Adopt BIM For Better Project Management, Says Gammon
Contractors looking to do things better, faster, save money and reduce waste could benefit by adopting computer simulation technology on their projects, according to leading contractor Gammon Construction.
Citing data from the US, company director Derek So Kwok-leung said costs incurred by the contractor could be cut by 10 to 20 percent if they used Building Information Modelling (BIM) on their projects.
Gammon in particular had recognised the potential benefits from using BIM early on and in 2006 set up a dedicated department , the Visual Design and Construction Team.
So said using BIM technology helps in visualization of the building design and its construction sequence in three dimensions, allows better safety planning, better coordination of electrical and mechanical services and helps identify areas for cost savings.

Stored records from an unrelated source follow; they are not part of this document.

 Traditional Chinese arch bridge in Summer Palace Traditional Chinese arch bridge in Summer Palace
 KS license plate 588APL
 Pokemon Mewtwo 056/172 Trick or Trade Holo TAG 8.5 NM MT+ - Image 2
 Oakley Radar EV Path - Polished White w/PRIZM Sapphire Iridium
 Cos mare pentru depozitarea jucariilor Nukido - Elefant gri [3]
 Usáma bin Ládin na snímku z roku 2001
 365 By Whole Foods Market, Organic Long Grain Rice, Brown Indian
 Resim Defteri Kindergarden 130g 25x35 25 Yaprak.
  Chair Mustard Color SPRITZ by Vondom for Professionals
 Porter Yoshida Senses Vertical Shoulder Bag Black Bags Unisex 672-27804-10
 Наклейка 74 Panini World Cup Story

The first project to benefit by using BIM was the One Island East office project for Swire Properties (1972) in 2008.
“We identified 6,000 problem areas,” So said, pointing to BIM’s ability to identify problem areas beforehand.
Other projects that got the BIM treatment were The Forum in Central, OPUS Hong Kong at Stubbs Road and the redevelopment of Kwun Tong Swimming Pool.
The latest high profile project to use BIM is the Midfield Concourse project worth HK$6.2 billion at Hong Kong International Airport.
In particular, the Midfield Concourse project is the first time that Gammon has used 3D printing technology to construct a model of the steelwork superstructure for planning and make it easier to brief frontline workers on the work.